Real-Time Statistics on Ion-Channel Recordings using a Novel All-In-One BLM Educational Kit with Embedded Miniaturized Amplifier

Abstract

Bilayer Lipid Membranes (BLM) are often used to perform single-channel recordings of different ion-channels. However, the success ratio and the BLM stability is strongly dependent on the specific electrophysiology setup, which is usually bulky and expensive. Moreover, the post-processing acquisition analysis is a time-consuming activity. These characteristics make BLM experiments difficult for educational purposes.Here we present a compact and complete BLM educational kit for accurate electrophysiological recordings allowing fast screening of ion-channels functional activity in lipid environments. A large number of standard experiments can be performed using the kit, which is particularly suitable for educational lab courses.
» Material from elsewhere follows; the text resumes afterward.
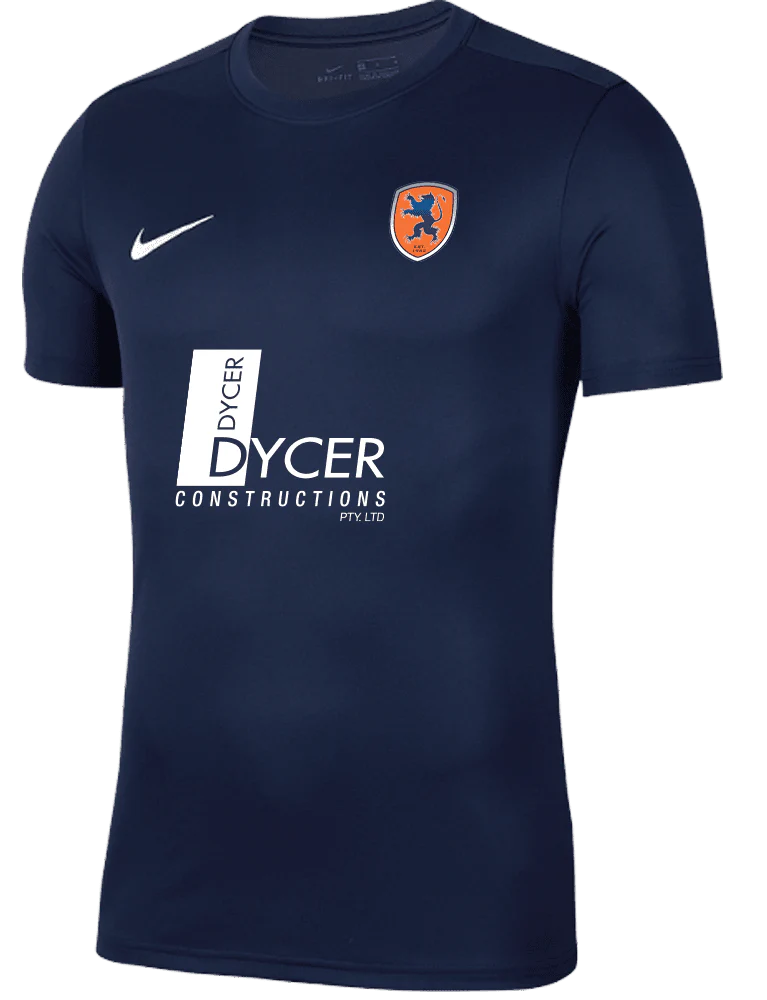 GAMBIER CENTRALS SC  Men's Park 7 Jersey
Stable membranes can be easily formed to study ion-channels or toxins.The real-time statistic feature implemented in the amplifier control software enables quick and straightforward analysis of data about ion-channel properties, such as I/V curve for conductance analysis, FFT, dwell times, histograms and inter-events time statistics.The kit is contained into a 16x10x5cm Faraday cage and includes the recording chamber and the miniaturized amplifier. The chamber is based on two 1ml - 30x15x15mm Delrin cuvettes with individual electrodes. A laser drilled Teflon diaphragm, with holes varying between 50µm to 110µm, separates the two cuvettes.To prove the capability of the presented setup and of the real-time statistics, suspended lipid bilayer were easily formed by painting method and recordings of different proteins, such as Kcv, Gramicidin and alpha-hemolysin in presence of PEGs of different lengths, were analyzed. Thanks to the real-time statistics, scientists can perform a quick analysis on the ion-channel properties while experiments are running.The combination of the presented kit and the control software with real-time statistics feature allows quick and easy functional characterizations of many kinds of ion-channels for educational or research purposes.